Propane undergoes a combustion reaction according to the following equation. C₃H₈ plus 5O₂ react to form 3CO₂ plus 4H₂O. If 33.6 liters of carbon dioxide gas is produced, how many grams of propane gas are burned, assuming STP? A) Seven grams, B) 11 grams, C) 20 grams, D) 22 grams, or E) 66 grams.
STP stands for standard temperature and pressure. Standard temperature and pressure conditions are zero degrees Celsius and one bar. One bar is very close to one atmosphere, with one atmosphere equal to 1.01325 bar. What we’re dealing with here is the combustion reaction, the reaction with oxygen of propane. In the chemical equation, we only have carbon dioxide and water, meaning that we’re dealing with a complete combustion reaction. At standard temperature and pressure, propane is a gas. Propane’s boiling point is well below zero degrees C, at negative 42 degrees Celsius.
The question tells us that this reaction is producing 33.6 liters of carbon dioxide gas. And our job is to figure out the mass of propane gas that was burned to begin with. In the scenario, we’re burning a mixture of propane and oxygen. And we’re measuring the volume of pure carbon dioxide gas we get out. Now, we can use the ideal gas law to work out the amount in moles of carbon dioxide gas present in 33.6 liters. But we’ve already been told we’re dealing with standard temperature and pressure. So there’s a shortcut.

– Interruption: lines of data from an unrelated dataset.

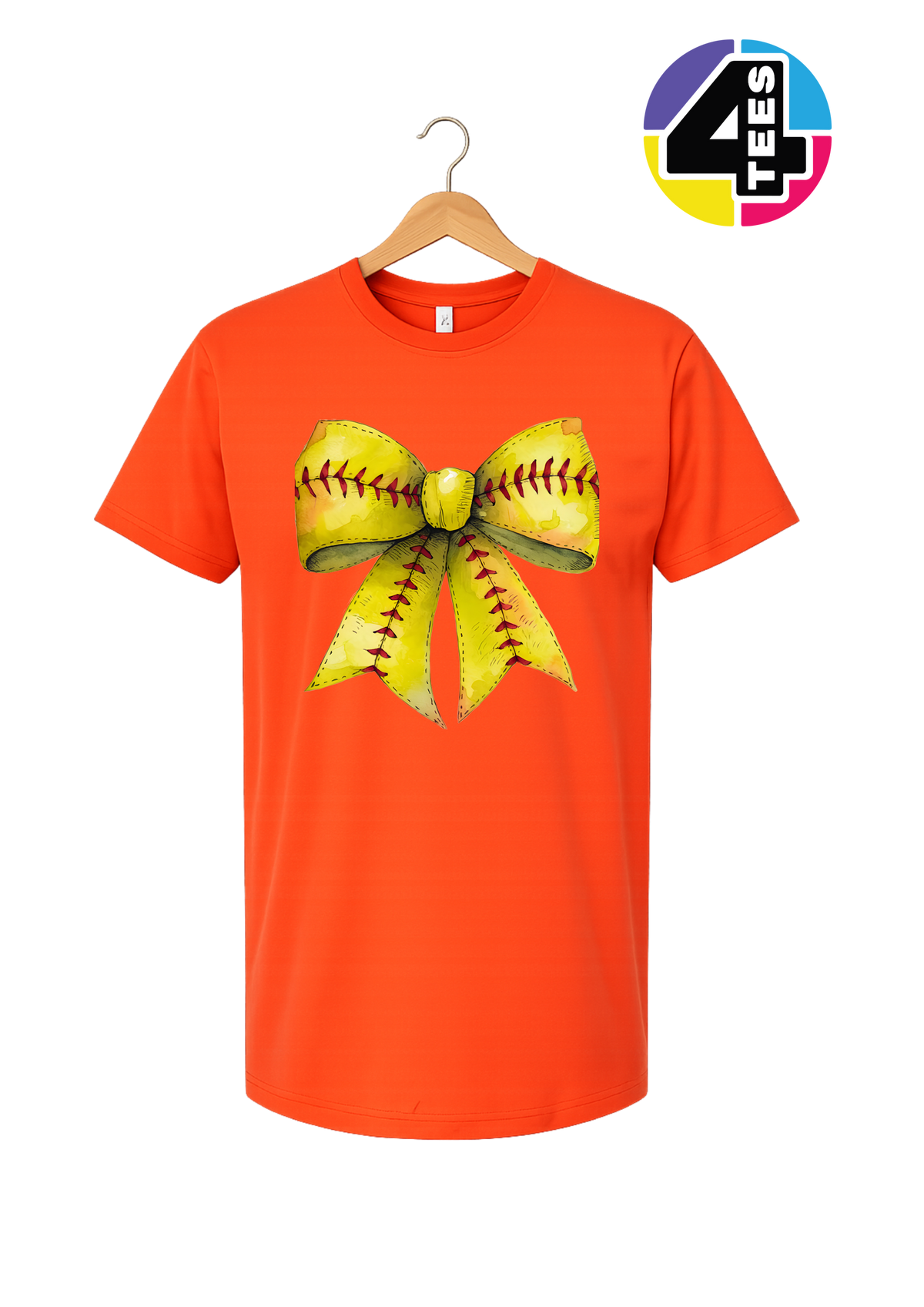 Softball Bow
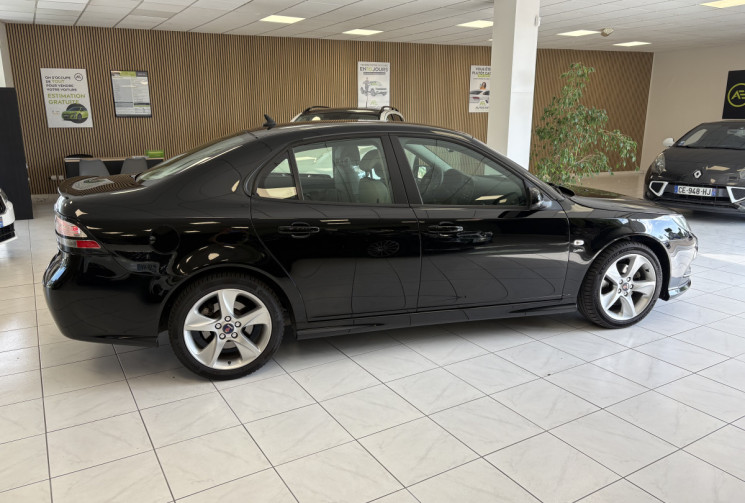 Saab 9-3 TTID 130 GRIFFIN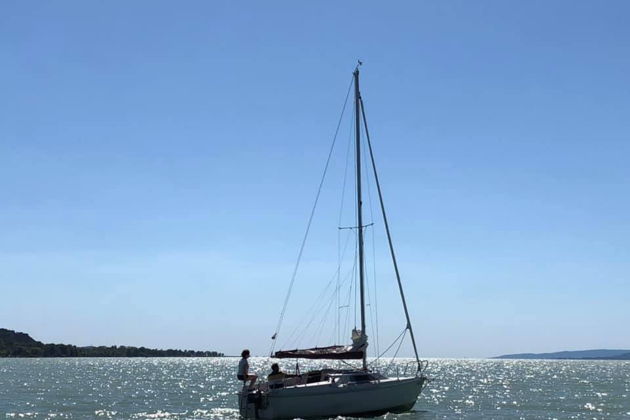 Виды Прогулка на парусной яхте по озеру Балатон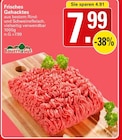 WEZ - Frisches Gehacktes Angebot im Prospekt Frisches Gehacktes bei WEZ im Prospekt "" für 7,99 €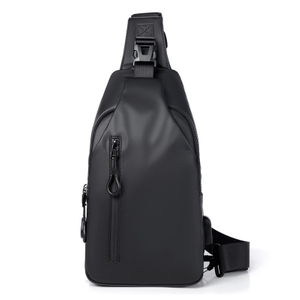 Simple Commuter Chest Bag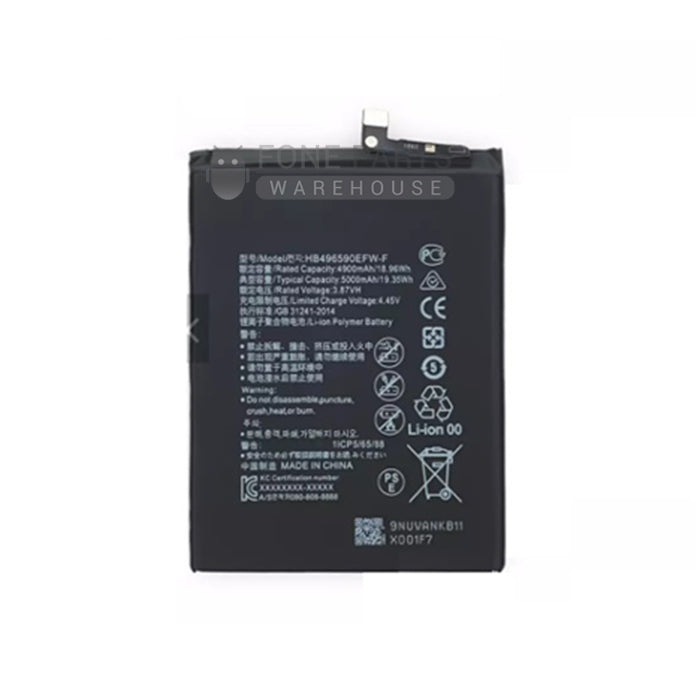 For  Honor X8 5G / X7 / X6 Replacement Battery [HB496590EFW] [Pulled Out Original]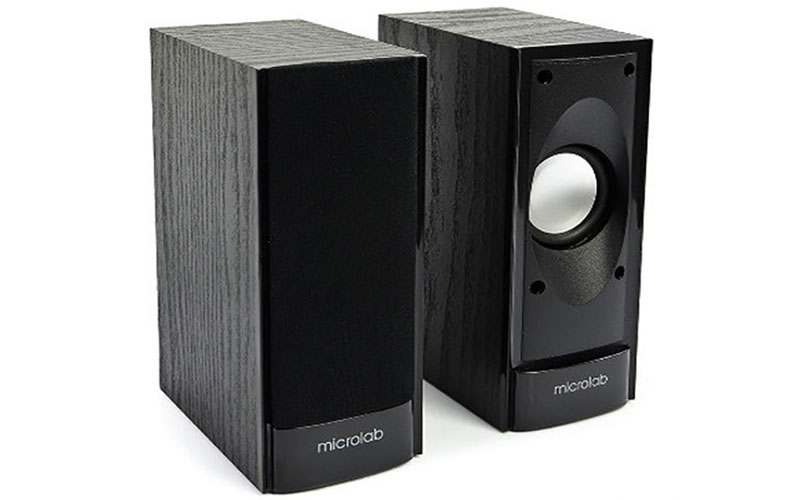 Loa vi tính Microlab B56 - Hàng chính hãng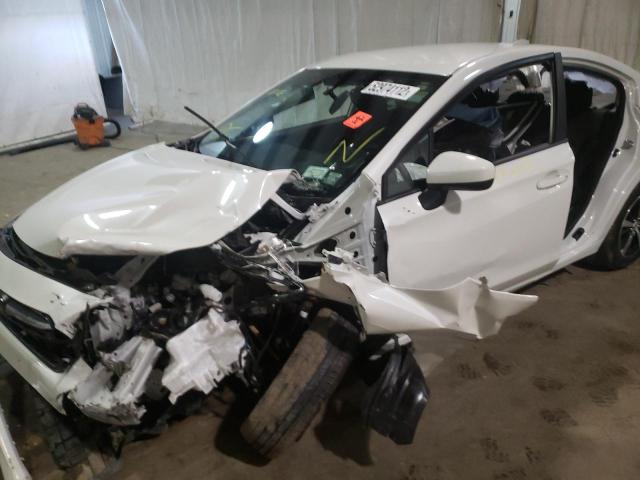 Photo 9 from auction – 2022 SUBARU IMPREZA PR with VIN 4S3GKAV63N3600934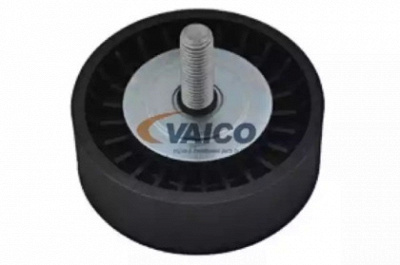 VAICO v104616 -  Паразитный / ведущий ролик, поликлиновой ремень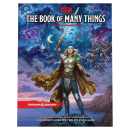 Dungeons & Dragons RPG - Deck of Many Things Hard...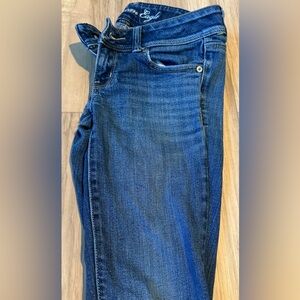 Classic Blue Women's Jeans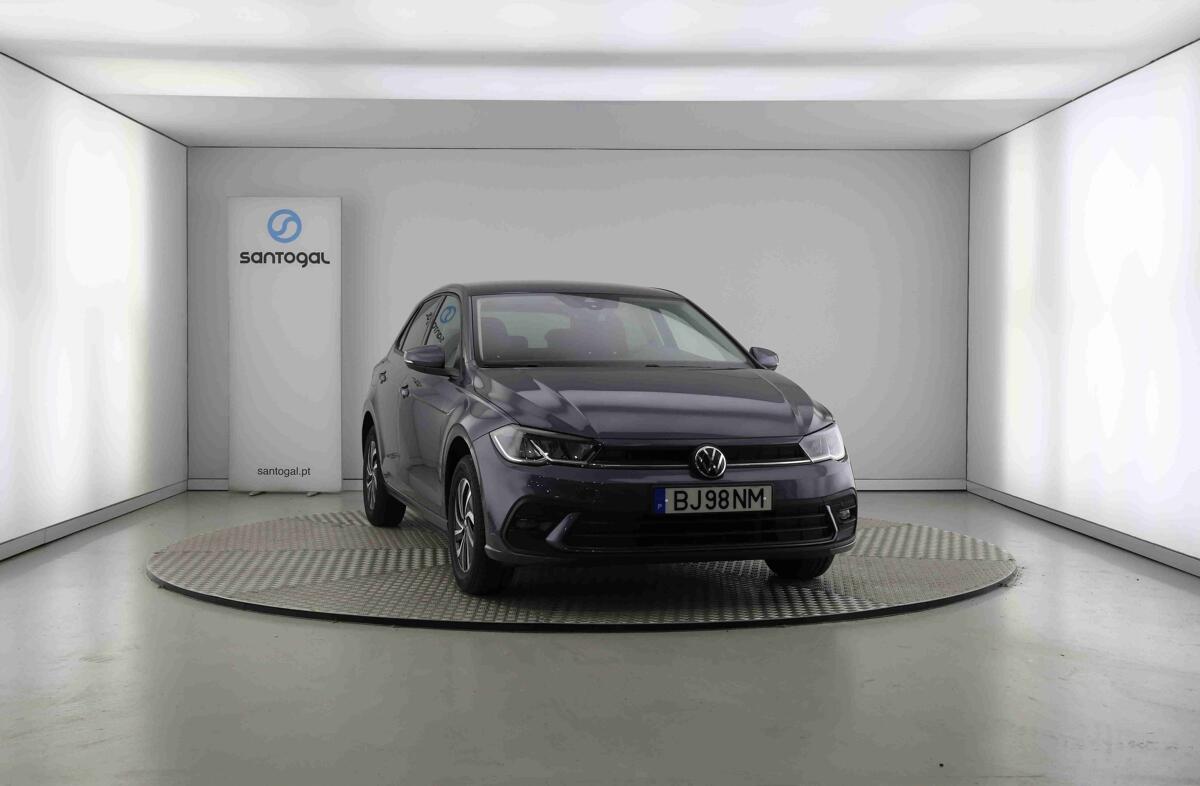 VOLKSWAGEN Polo 1.0 TSI Urban DSG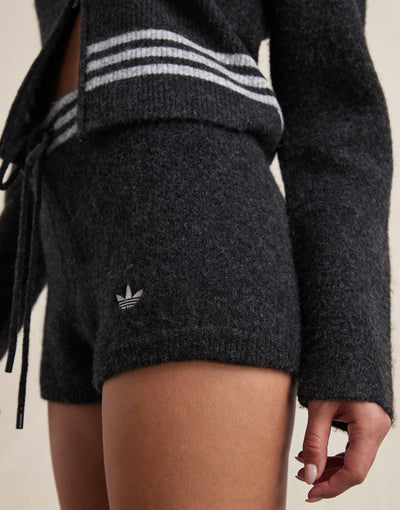 Cozy Knitted Shorts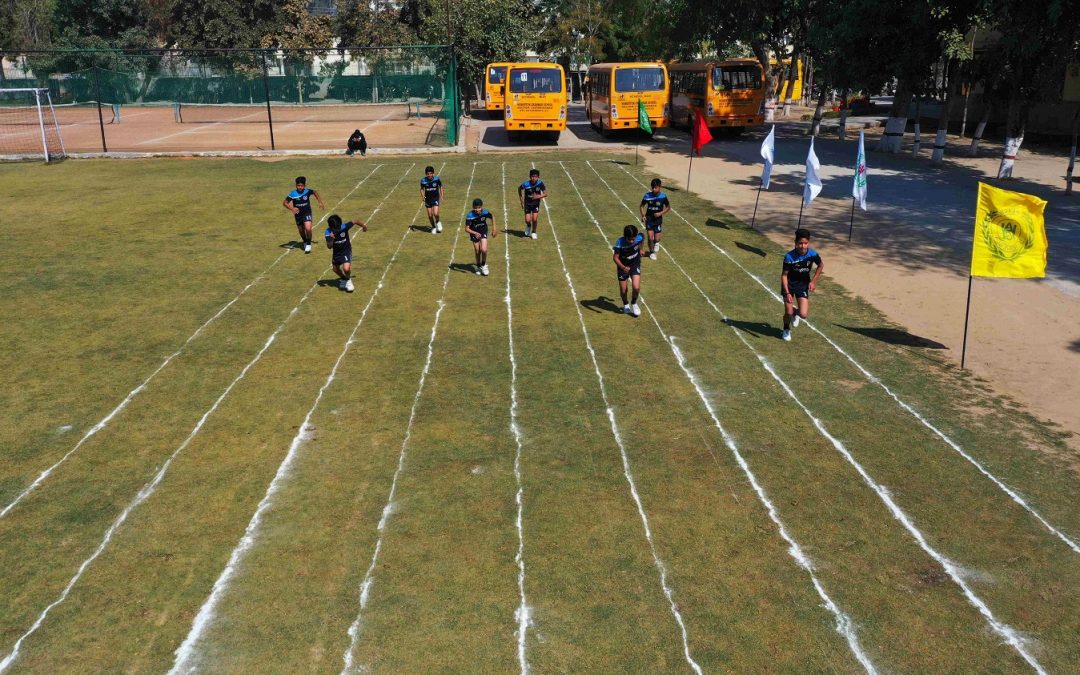 Why are physical activities so important for your child?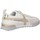 Schuhe Mädchen Sneaker Low W6yz FLY2-J Sneaker Kind Weiß/Platin Multicolor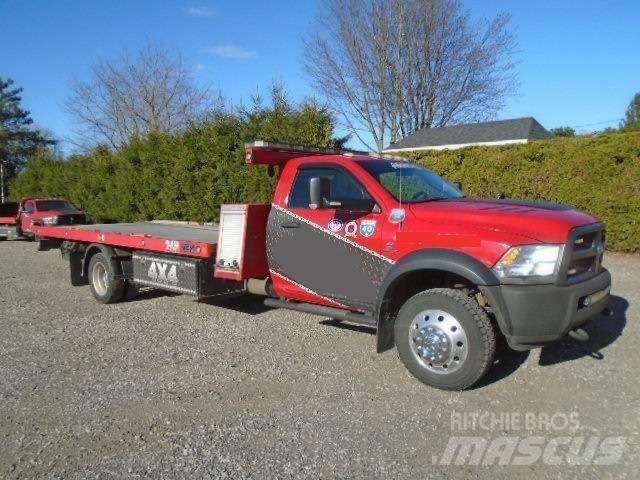 Dodge Ram 5500 Kurtaricilar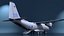 Alenia C-27J Spartan Szary Rigged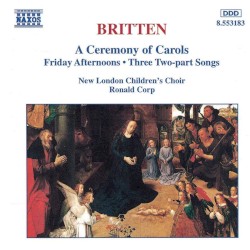 A Ceremony of Carols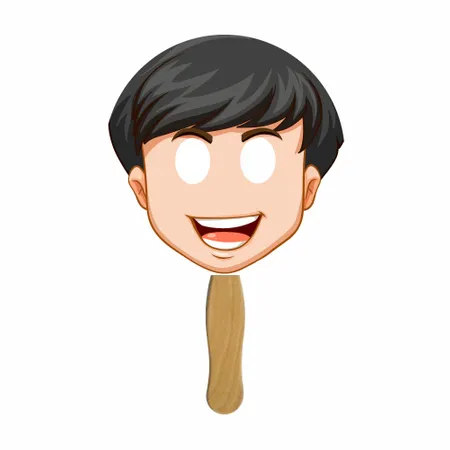 Cutout Hand Fans - Custom Socks Now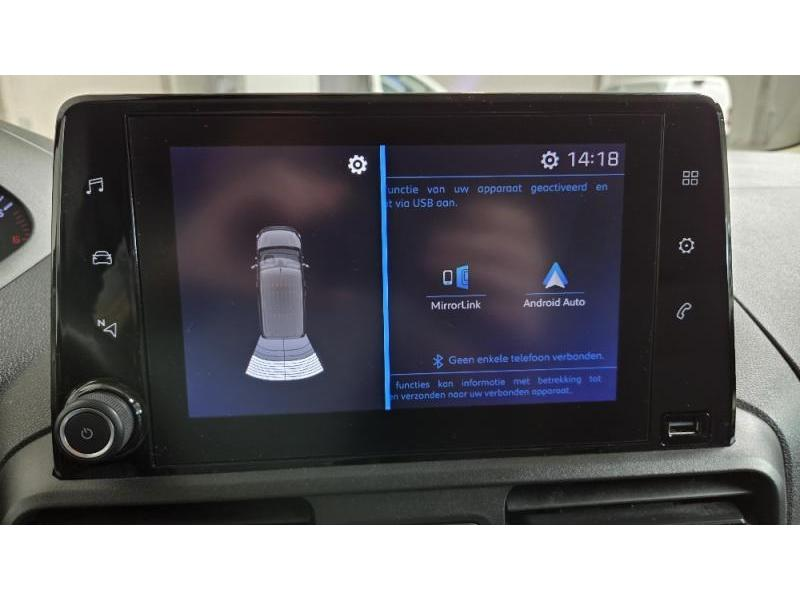 Peugeot Partner L1 - 3 zitplaatsen — photo 12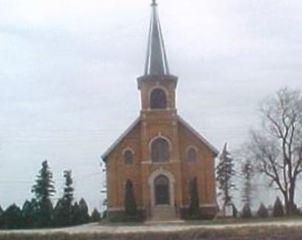 Saint John German Cemetery on Sysoon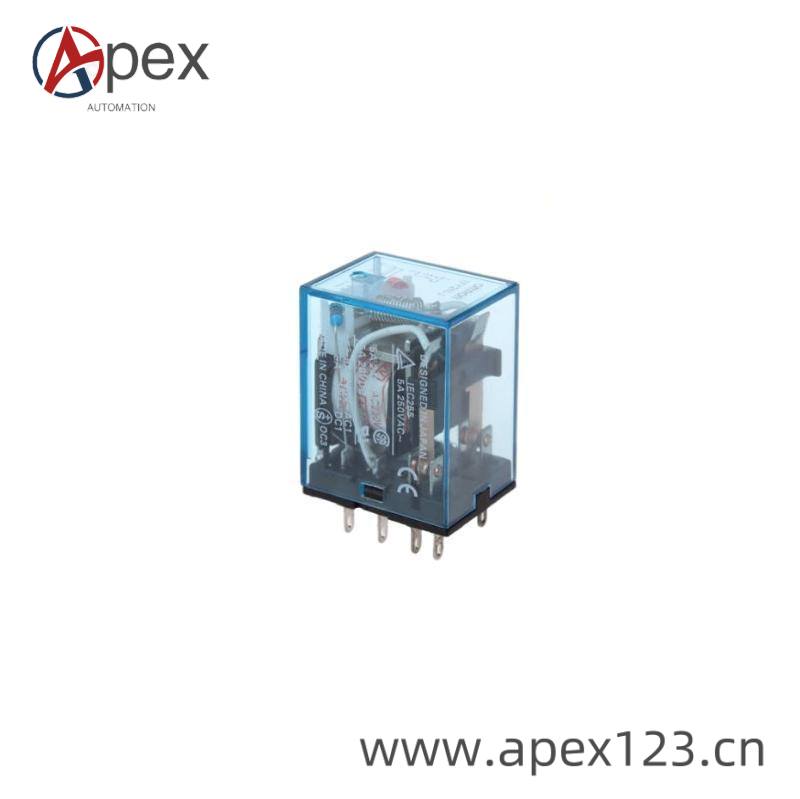 omron_h3cr-a8e.jpeg Omron H3CR-A8EI/O Industrial Control Unit, A Versatile Solution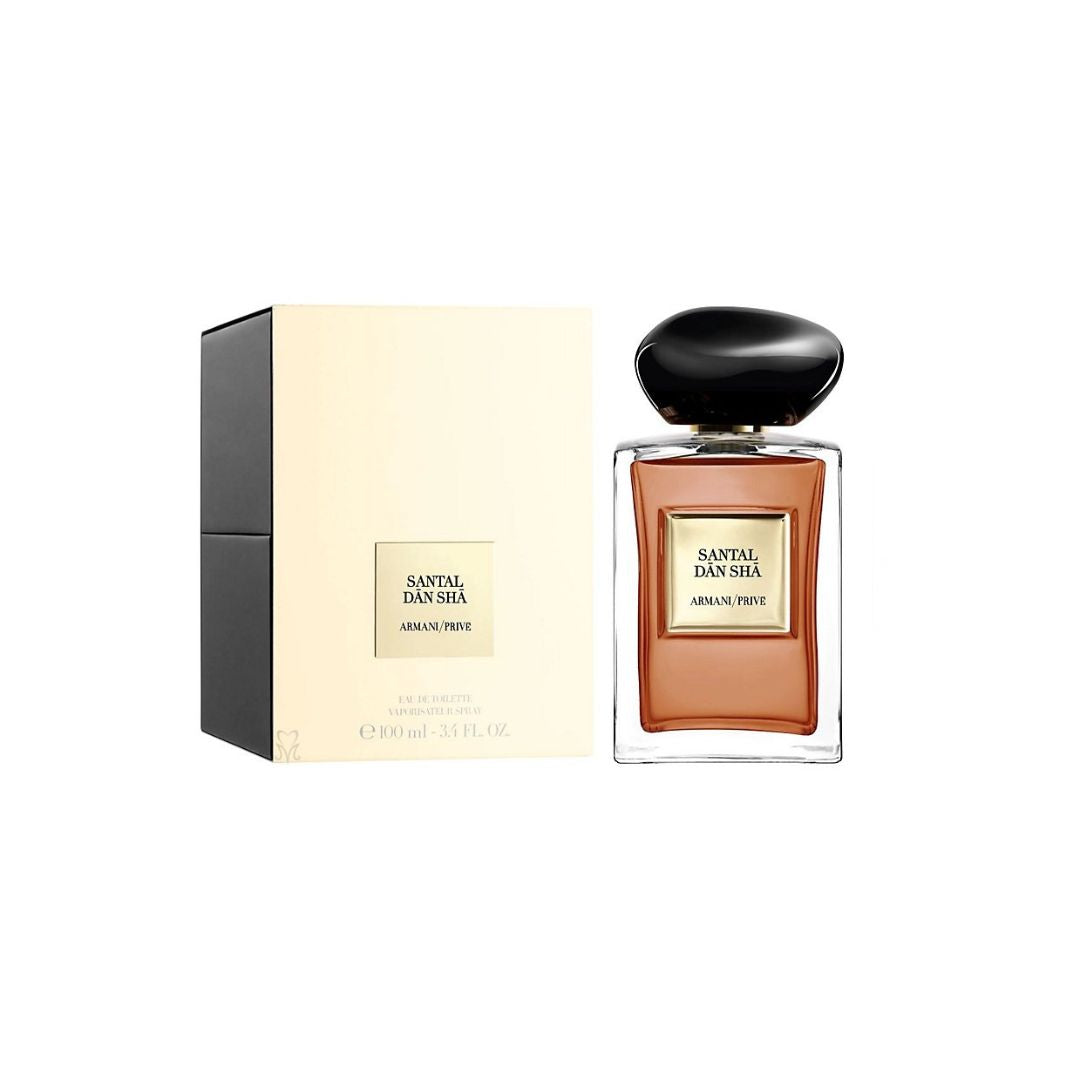 Armani Prive Santal Dan Sha Eau De Toilette for Unisex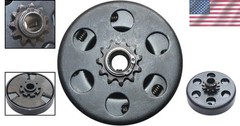 Upgrade Your Ride: 5/8″ Bore 11-Tooth Centrifugal Clutch for Go Karts & Mini …
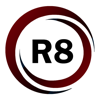 R8 Companion 应用图标，iPhone App Store 付费榜 第 22 名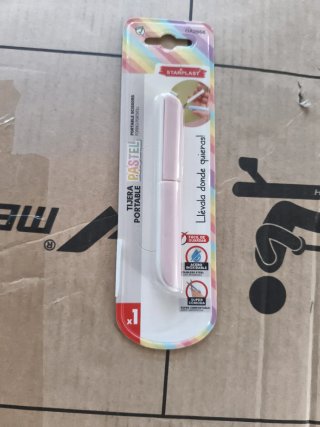 Tijeras Portátiles Starplast Pastel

At standard temperature and pressure, there’s a fixed relationship between the volume of the gas and the amount of gas if it’s ideal. From this relationship, we get the molar volume, 𝑉 m. This value tells us the number of liters for each mole of gas we can expect. And the molar volume for an ideal gas at zero degrees Celsius and one bar is 22.4 liters per mole. So at standard temperature and pressure, if we measure the volume of a pure gas to be 22.4 litres, we know we have one mole of that gas. If we have 44.8 litres of it, we have two moles, regardless of the identity of the gas. So we can work out the number of moles of carbon dioxide gas in our 33.6 liters by multiplying 33.6 liters by one mole per 22.4 liters. This gives us 1.5 moles of carbon dioxide. But the question asked us to find the mass of propane. So we need to convert moles of carbon dioxide to moles of propane. The ratio of carbon dioxide molecules produced in the reaction to propane molecules consumed in the reaction is three to one.
To work out the number of moles of propane, we can take the number of moles of carbon dioxide produced and multiply it by one mole of propane per three moles of carbon dioxide. This means that, in the reaction that produces 33.6 liters of carbon dioxide, we must have used up 0.5 moles of propane. Now, all that remains is to work out the mass of 0.5 moles of propane. In order to do that, we’re going to need to work out the molar mass of propane. To do that, we can look at the atomic masses of the elements that make up propane.
There are three carbons in propane. So they each contribute 12 grams per mole to the molar mass of propane. We also have eight hydrogens per propane molecule. So each hydrogen contributes one gram per mole to the molar mass of propane. If we sum the contributions together, we end up with a molar mass of propane of 44 grams per mole. We can use the rounded values for this calculation because we’re only looking for a value accurate to one or two significant figures.
We can use the molar mass and the amount in moles of propane to work out the mass of our sample. 0.5 moles of propane multiplied by 44 grams per mole is equal to 22 grams of propane. What this means is that if we were to burn completely 22 grams of propane, separate out the carbon dioxide, and have it stored under standard temperature and pressure. The volume of carbon dioxide we would get will be 33.6 liters.
So if we got 33.6 liters of carbon dioxide gas from burning propane, the mass of propane we must have burned, assuming STP, would’ve been 22 grams.